La « journée de la femme » n’existe pas

Voilà, ça y est, je suis énervé. Parfois il m’en faut peu, je confesse, mais j’ai quelques déclencheurs assez connus qui provoquent chez moi l’envie d’effectuer un mouvement vif de la tête en direction de l’auteur de la bévue. Oui un coup de boule. Mais qu’à cela ne tienne, plutôt que de me réduire à ça trop souvent, j’écris des notes de blog. C’est de salubrité femmespublique, puis ça m’évitera de le faire derrière les barreaux. Puis bon là le maire de Toulouse est mouillé. Je ne veux pas m’attirer des problèmes.

Car, je ne sais pas si vous avez vu, mais Pierre Cohen va participer à un débat organisé par La Dépêche dans le cadre de la « journée de la femme ». De quoi faire frémir tous ceux qui ont un minimum de conscience féministe. C’est à dire manifestement ni La Dépêche  (mais on est habitué à ses articles machistes à souhait), ni la mairie de Toulouse qui relaie sans broncher l’information.

Alors nous, à L’Art et la Manière, on aime bien que les choses soient claires. Et c’est pas le quart d’heure toulousain qui va nous empêcher de mettre les pendules à l’heure. Du coup on va essayer (modestement) d’expliquer un peu ce qu’est et ce que n’est pas cette journée du 8 mars. Embarquement immédiat !

Une journée internationale des droits des femmes

Bon j’ai un peu spoiler dans le titre mais vous ne m’en voudrez pas. Au cours du XIXe siècle, le mouvement féministe prend de l’ampleur, notamment en parallèle à la démocratisation de 8m2nombreux régimes qui échappent, comme par enchantement, aux femmes. Le mouvement est international et essaye tant bien que mal de rééquilibrer la balance, notamment sur les droits civiques. Comme vous êtes malins, vous vous doutez que c’est plutôt du côté des socialistes qu’on trouve ce genre de mouvement.

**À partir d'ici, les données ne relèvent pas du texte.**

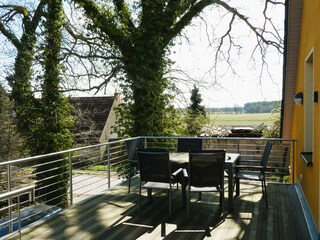 Große Terrasse unter Eichen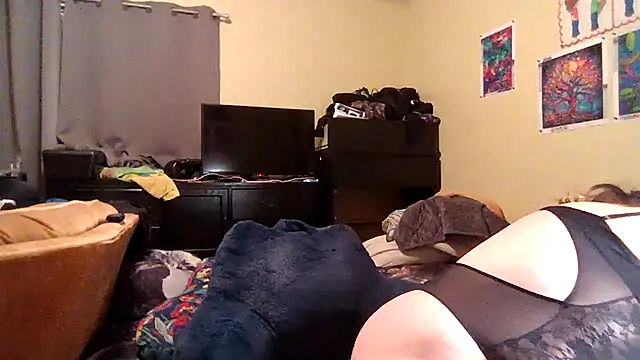 Snapshot of newfieocean chatting on November 2025 03:49:02 AM newfieocean online show from November 2025 03:49:02 AM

Bingo ! Il y a notamment des conférences internationales des femmes socialistes. Et en 1910, c’est celle de Copenhague qui émet l’idée d’une journée des droits des femmes, en plein développement du mouvement des suffragettes. Dans les années qui suivent les mouvements européens rassemblent plus d’un million de femmes (et quelques hommes) au cours du mois de mars. De même, se développe un mouvement de femmes contre la guerre imminente avec des rassemblements entre fin-février et mi-mars. Formellement, le 8 mars, c’est en Russie qu’il naît. Un mouvement pour du pain et contre la guerre à l’initiative de femmes va déclencher la révolution de février (dans le calendrier russe c’est encore février). La suite, on la connaît. En 1921, Lénine va faire de ce jour la « journée internationale des droits des femmes ».

Bref, tout ça c’est très orienté politiquement. Et c’est dans le bloc de l’Est que ça se répand, puis à l’ouest grâce aux réinterprétations historiques type 1984. Enfin, l’important c’est que tout le monde s’y met et même l’ONU en 1977.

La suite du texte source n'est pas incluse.